ExtractError: Error while extracting C:\Users\%user%\tensorflow_datasets\downloads\images.cocodataset.org_zips_train20147eQIfmQL3bpVDgkOrnAQklNLVUtCsFrDPwMAuYSzF3U.zip to C:\Users\%user%\tensorflow_datasets\downloads\extracted\ZIP.images.cocodataset.org_zips_train20147eQIfmQL3bpVDgkOrnAQklNLVUtCsFrDPwMAuYSzF3U.zip : C:\Users\%user%\tensorflow_datasets\downloads\images.cocodataset.org_zips_train20147eQIfmQL3bpVDgkOrnAQklNLVUtCsFrDPwMAuYSzF3U.zip; Unknown error

The message seems cryptic to me. The folder to which it is trying to extract does not exist when the notebook is started - it is created by Tensorflow, and only at that command line. I obviously tried deleting it completely and running it again, to no effect.
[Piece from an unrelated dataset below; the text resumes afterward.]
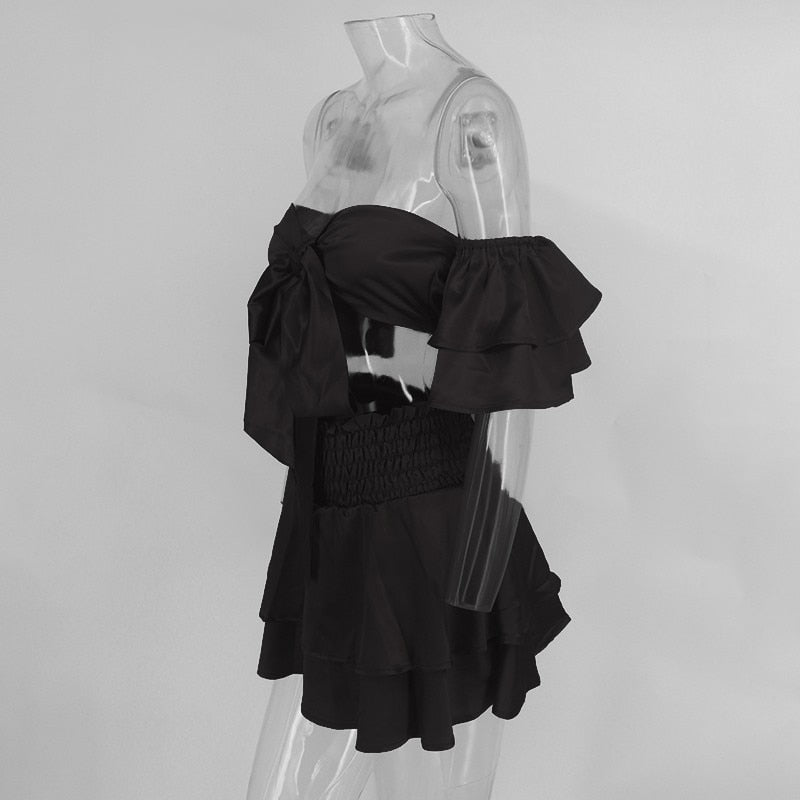 V Neck Ruffle Bow Tie Crop Top and Skirt Sets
The code that leads to the error is (everything runs fine until the last line):

import tensorflow as tf
from __future__ import absolute_import, division, print_function, unicode_literals

from tensorflow_examples.models.pix2pix import pix2pix

import tensorflow_datasets as tfds

from IPython.display import clear_output
import matplotlib.pyplot as plt

dataset, info = tfds.load('coco', with_info=True)

Also tried breaking down the last command into assigning the tdfs.builder object and then running download_and_extract, and again got the same error.

There is enough space in disk - after download, still 50+GB available, while the dataset is supposed to be 37GB in its largest version (2014).


Solution

  • I have a similar problem with Windows 10 & COCO 2017. My solution is simple. Extract the ZIP file manually according to the folder path in the error message.